From Appendix 3 the following effects are exemplified:
Moving Hot Air over painted Strip Effect (Hot air assistance reduces disposition
towards solvent boil)
With each test panel in this table there was a reduction in the
severity of coating solvent boil when moving hot air was applied over the coating
being cured, relative to the controls without moving hot air assistance.
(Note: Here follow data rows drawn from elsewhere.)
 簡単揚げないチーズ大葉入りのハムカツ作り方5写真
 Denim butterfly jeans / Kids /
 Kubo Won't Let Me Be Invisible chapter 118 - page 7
For
example, panels 4-7 gave solvent boil ratings of 3-S1 to 4-S2, well below the
control's 5-S2 for panel 3 at the same dft.
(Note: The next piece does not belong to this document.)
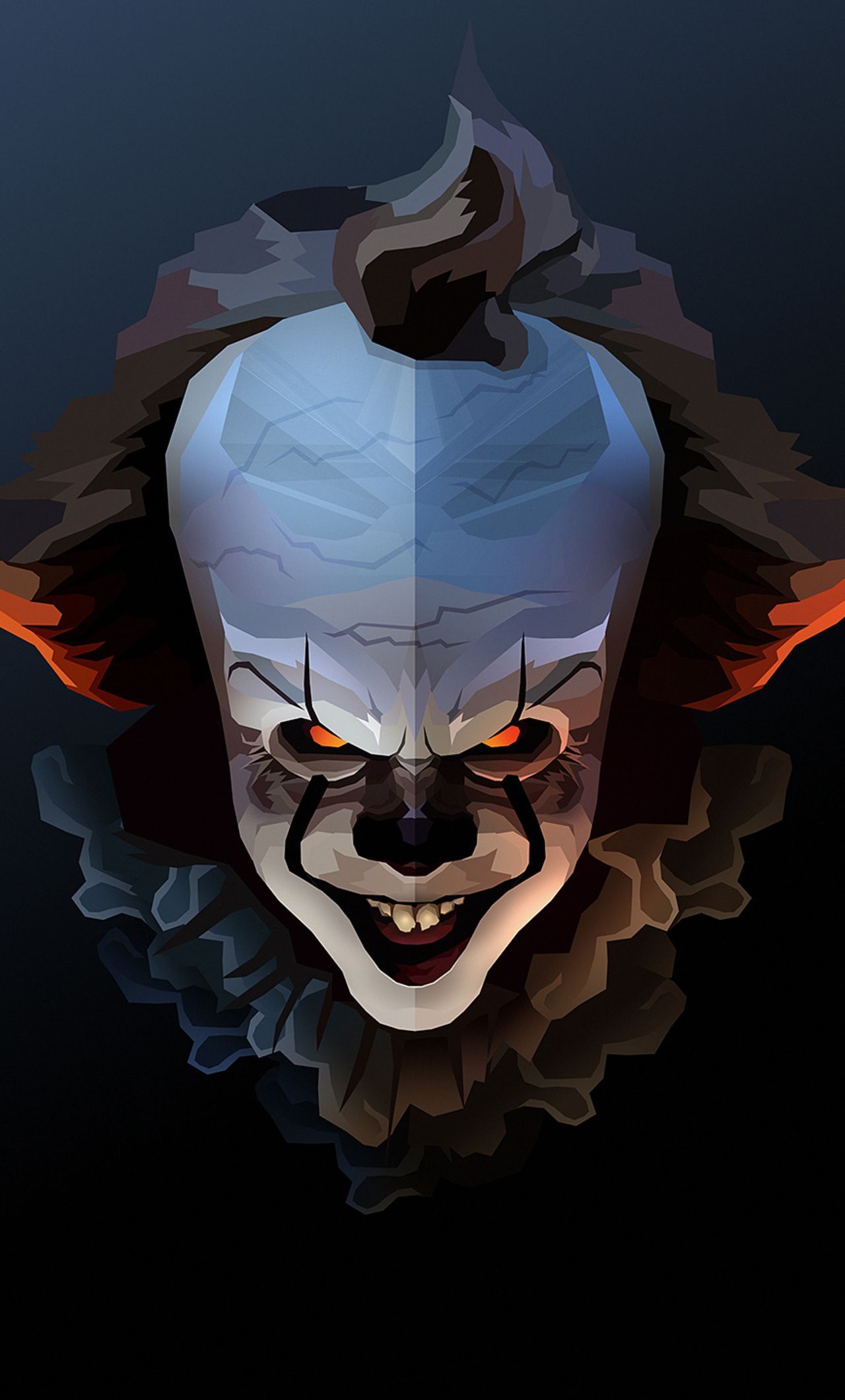 Cartoon pennywise s on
Over the range of hot air temperatures and speeds examined the
relative importance of hot air speed vs hot air temperature was not discerned.
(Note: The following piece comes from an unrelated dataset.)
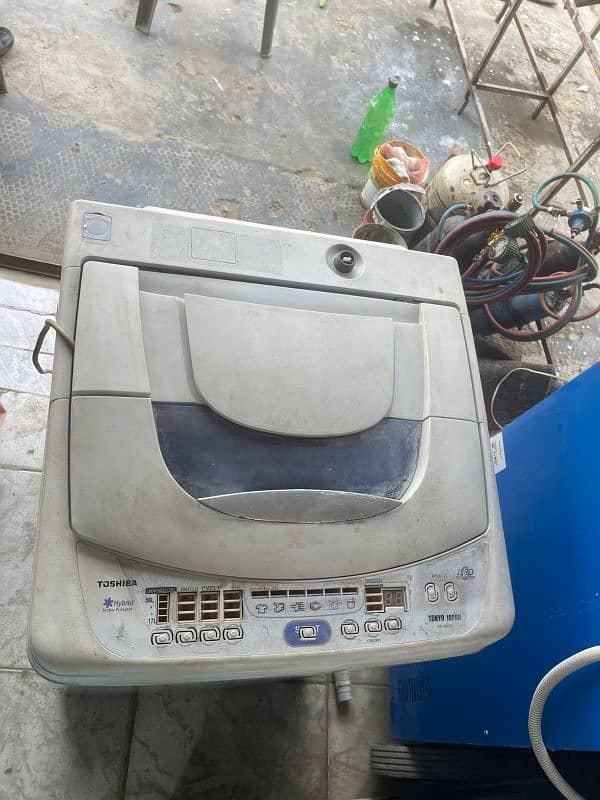 Toshiba washing machine made by Japan 1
Film Thickness Effect (Lower film thickness is better for solvent boil
prevention/reduction)
In most cases the lower film thickness coatings showed significantly
lower solvent boil ratings, eg panel 18 versus 19, and panel 22 versus 23.
Group C Examples
These examples produced 12 +/-1 um dft coatings with fixed cure
cycle times; and the variables tested were different hold temperatures and
different peak cure temperatures (and therefore ramp rates going from hold
temperature to peak cure temperature); with no hot air assistance. See Appendix
4 for details.
From Appendix 4 the following effects are exemplified:
Hold Temperature Effect (the higher the hold temperature, but below 100eC, the
greater the minimisation/prevention of solvent boil)
It can be seen that with a hold temperature of 80°C solvent boil is
starting to arise even at the lower ramp rates, whereas it is absent at 90 or 95°C,
apart from where the ramp rate was just under 100°C°C/s (96.7°C/s).
Ramp Rate Effect (the slower the transition through the boiling point of water the
greater the minimisation/prevention of solvent boil)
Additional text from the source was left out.